Three perspectives about how the Bible should be viewed always seem to emerge.  Either what the Bible teaches can’t be trusted at all, or parts of it can but others can’t, or it can be trusted in its entirety from the start.  To trust it completely is to make the Bible’s inerrancy an issue worth investigating. 

 

Definition

In light of this investigation, there are several possible ways to define full inerrancy, but the following is sufficient: The Bible is free from error in its original autographs, free from communicating untruths in the whole and in the part in all that it intends to affirm.  In other words, we can have total confidence in God’s written, special revelation to us.  Consistent Christian faith, then, calls for affirming the entire truthfulness of the Bible at every level – faith, practice, history, science, etc.

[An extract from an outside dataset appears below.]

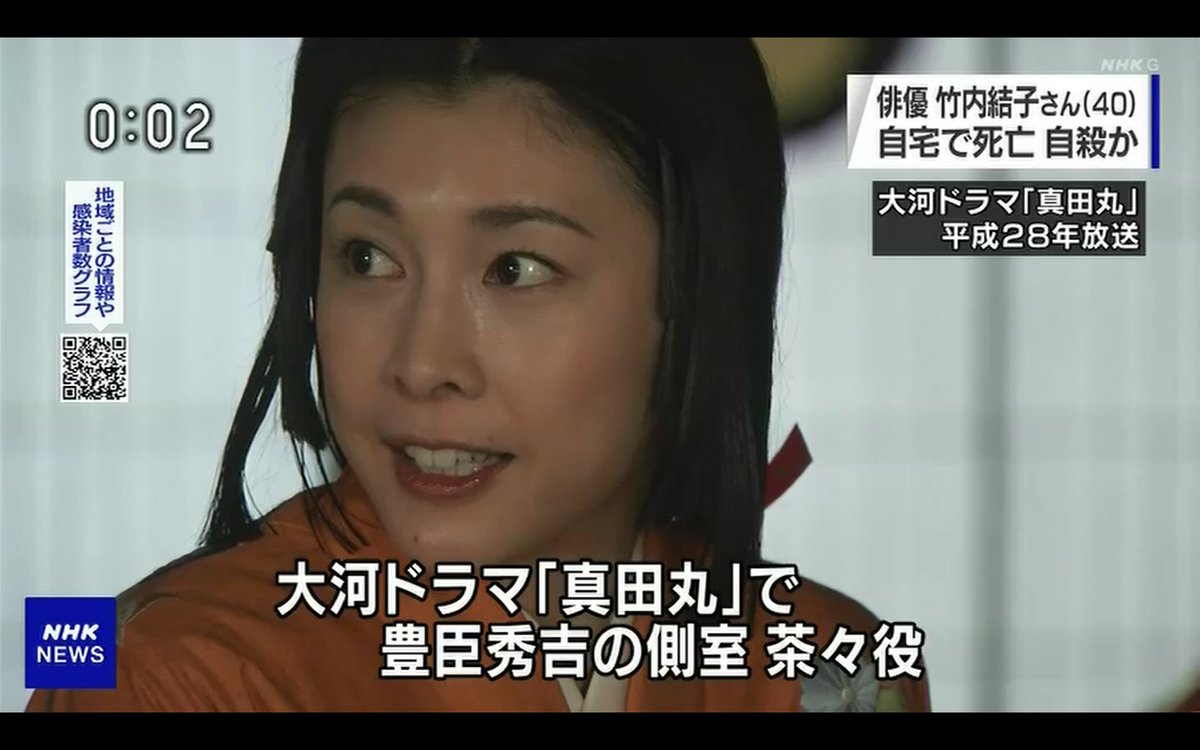 O Xrhsths 猫又にゃぉ助 宿毛湾泊地所属提督 Sto Twitter 訃報 俳優 竹内結子さん 40 死去 自殺か 厚生労働省 相談窓口の利用を呼びかけ 日本いのちの電話 も相談を受け付け うーん 自殺が続きますね ご冥福をお祈りします Nhk 真田丸 O Xrhsths 猫又にゃぉ助 宿毛湾泊地所属提督 Sto Twitter 訃報 俳優 竹内結子さん 40 死去 自殺か 厚生労働省 相談窓口の利用を呼びかけ 日本いのちの電話 も相談を受け付け うーん 自殺が続きますね ご冥福をお祈りします Nhk 真田丸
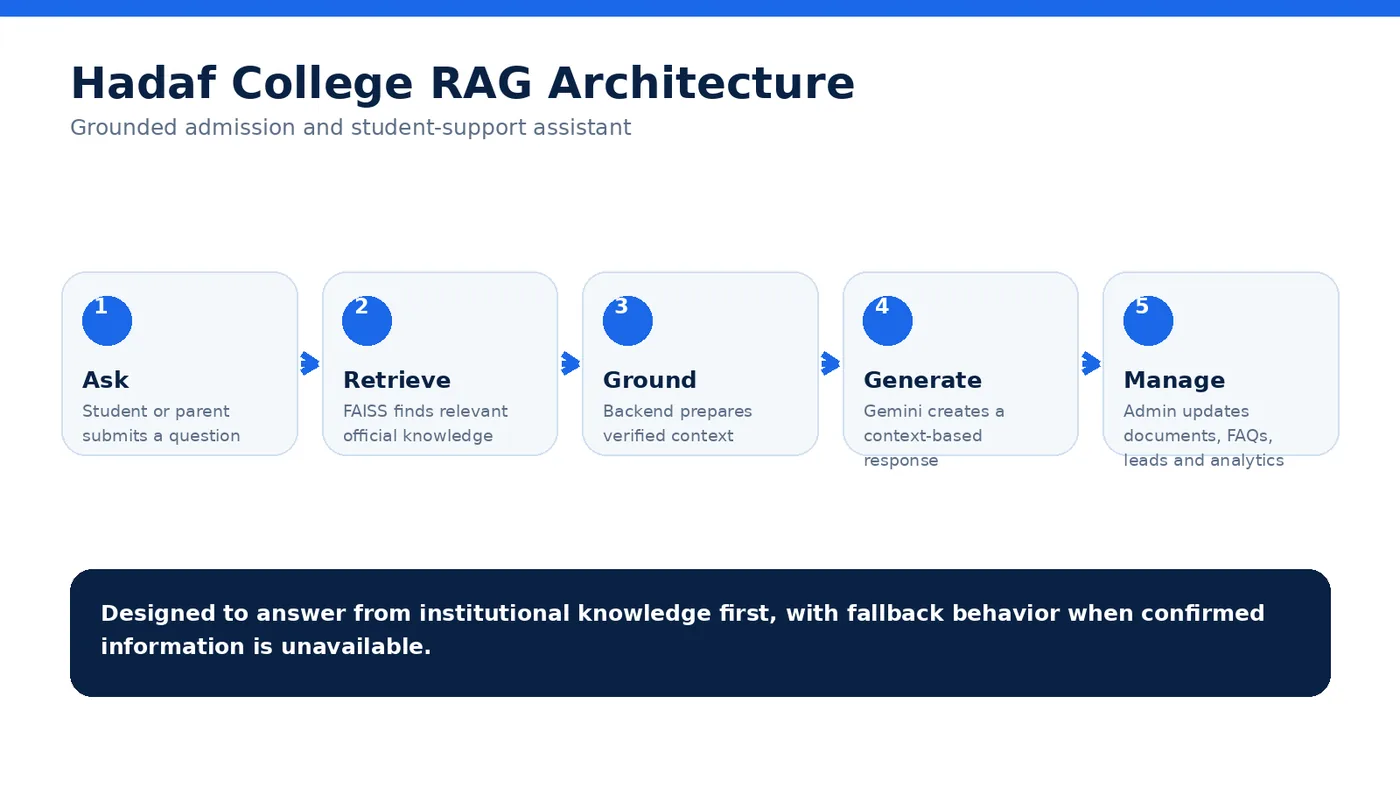 Retrieval-augmented generation architecture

One way to illustrate this is to say that the perfect – the living Word – once came to our planet; perfect God became perfect man without any loss of Godhead.  By the same token, the perfect – the written Word – came to us originally in the form of an inerrant body of Scripture without any loss of truthfulness.  The analogy holds.

 

 A Little History

Baptists not familiar with the intellectual backdrop of today’s inerrancy debate should at least go back as far as the early 20th century Princeton tradition and its stalwart theologian B. B. Warfield.  Warfield’s penetrating and sustained argument for the verbal plenary theory of biblical inspiration has yet to be systematically undermined by opponents, especially his nuanced exegesis of the Greek word theopneustos found in 2 Tim. 3:16, which literally says that the Scriptures are “God-breathed.” 

But Warfield’s approach is ancient by today’s standards, we are told by some.  Yet this falls prey to the logical fallacy that because something isn’t contemporary, it must be mistaken in what it asserts.  What about contemporary obedience to an “ancient” word from God, as in, say, the Old Testament?  Absolutely!  Then Warfield’s words of less than a century ago can also ring true. 

But the Princeton tradition is nothing more than Protestant scholasticism and relies too heavily on Thomas Reid’s Scottish common sense realism, it’s also objected.  Scholars debate this, but the non-inerrantist approach to the Bible can be said to rely too heavily on a neo-orthodox framing of the question, a là Karl Barth and Emil Brunner, even while placing too much stock in the conclusions drawn by German rationalism and the higher critical methods of interpretation it helped create. 

But, it’s further argued, inerrancy is so hurtfully divisive to the church and to individuals.  As far as evangelical theology is concerned, a good case could be made that inerrancy is the most ecumenical doctrine of all, with the very existence and flourishing of the Evangelical Theological Society through the years lending support to this historical contention.

Harold Lindsell joined the inerrancy/infallibility fray with his pivotal 1976 volume Battle for the Bible.  In effect he shows how even the smallest of departures from full inerrancy have often played out historically through individuals, churches, denominations, synods, conventions and seminaries.  All the way to the point of rejecting the truthfulness of other evangelical doctrines such as Christ’s deity, his vicarious atonement, the virgin birth, and a literal bodily resurrection.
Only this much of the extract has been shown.